Saved data entries:

=== Section Start ===

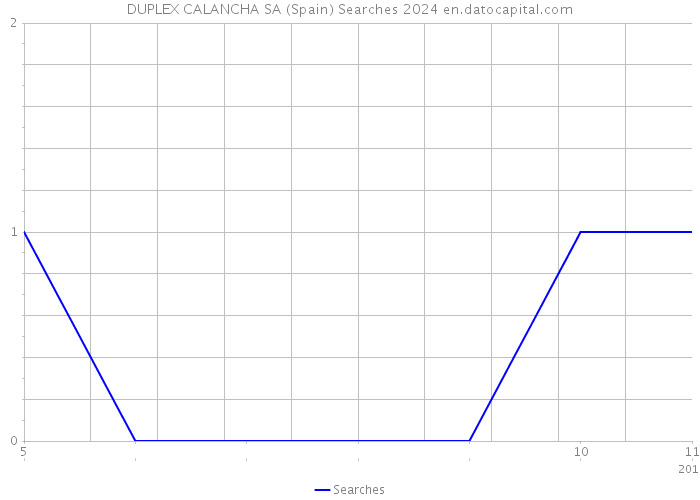 DUPLEX CALANCHA SA (Spain) Searches 2024 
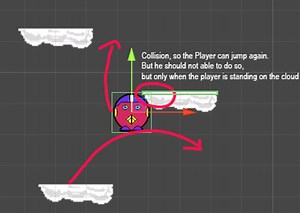 Jump OnCollisionEnter2D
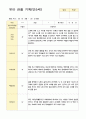 만5세 22명 1학기 3-8월 관찰일지 6페이지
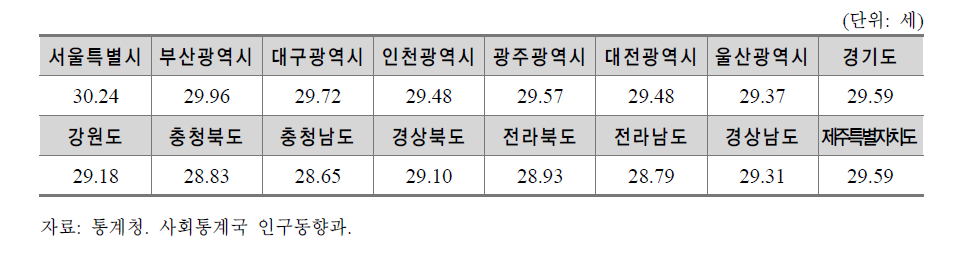 시도별 여성 초혼 평균연령(2012년)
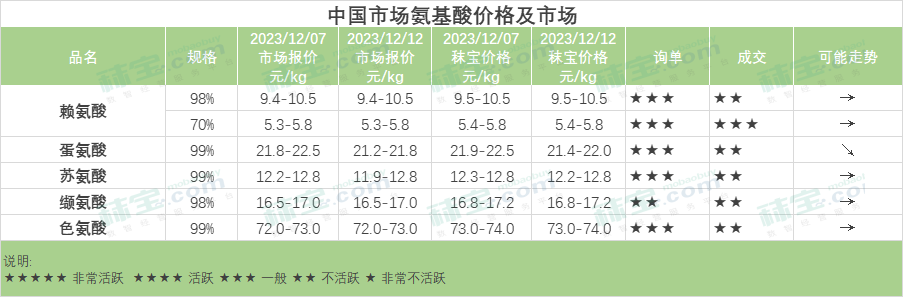 中国市场氨基酸价格及市场-赖氨酸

=== Section End ===

Repeat the records above exactly, leaving out the pictures.

 DUPLEX CALANCHA SA (Spain) Searches 2024 
 Jump OnCollisionEnter2D
 만5세 22명 1학기 3-8월 관찰일지 6페이지
 시도별 여성 초혼 평균연령(2012년)
 中国市场氨基酸价格及市场-赖氨酸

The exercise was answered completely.